Les coopérations internationales imposent l’usage de l’anglais. Du coup, le monde aérospatial massacre la langue française.
Connaissez-vous le check-in paperless, agrémenté d’un fast track pour les First ? Et un vol code-sharé par deux airlines qui partagent les mêmes lounges mis à disposition des clients business ? Avez-vous déjà été victime du surbooking, résultat d’un monitoring audacieux des réservations ? Détenez-vous une carte de frequent flyer qui vous donne de bonnes chances d’être up-gradé en cas de problème ?
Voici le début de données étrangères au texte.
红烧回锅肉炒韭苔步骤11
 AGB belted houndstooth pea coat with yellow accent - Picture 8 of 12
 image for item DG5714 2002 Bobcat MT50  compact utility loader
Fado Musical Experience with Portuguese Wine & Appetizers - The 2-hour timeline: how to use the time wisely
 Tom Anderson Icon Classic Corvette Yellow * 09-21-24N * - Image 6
Si vous êtes dirigeant de compagnie aérienne, préférez-vous acheter des avions straight ou plutôt les leaser ? De manière plus générale, êtes-vous partisan de l’outsourcing ? Et y a-t-il de l’affordance dans cette question ? A vrai dire, il faudrait vous tasquer (peut-être écrivez-vous tasker), vous demander de traquer vos erreurs.
Overstatement ? Pas vraiment ! Tendez l’oreille, dans les colloques, les réunions, partout. C’est un mal insidieux, comparable à un virus informatique, qui se glisse discrètement dans nos vies, s’installe dans les entreprises puis se propage sans qu’on y prête attention. Son nom ? Le franglais. C’est-à-dire une langue polluée, massacrée, écorchée, un français honteusement dénaturé, ponctué d’innombrables termes anglais et d’inqualifiables barbarismes.
Depuis longtemps, le monde aérospatial francophone affectionne les termes anglais.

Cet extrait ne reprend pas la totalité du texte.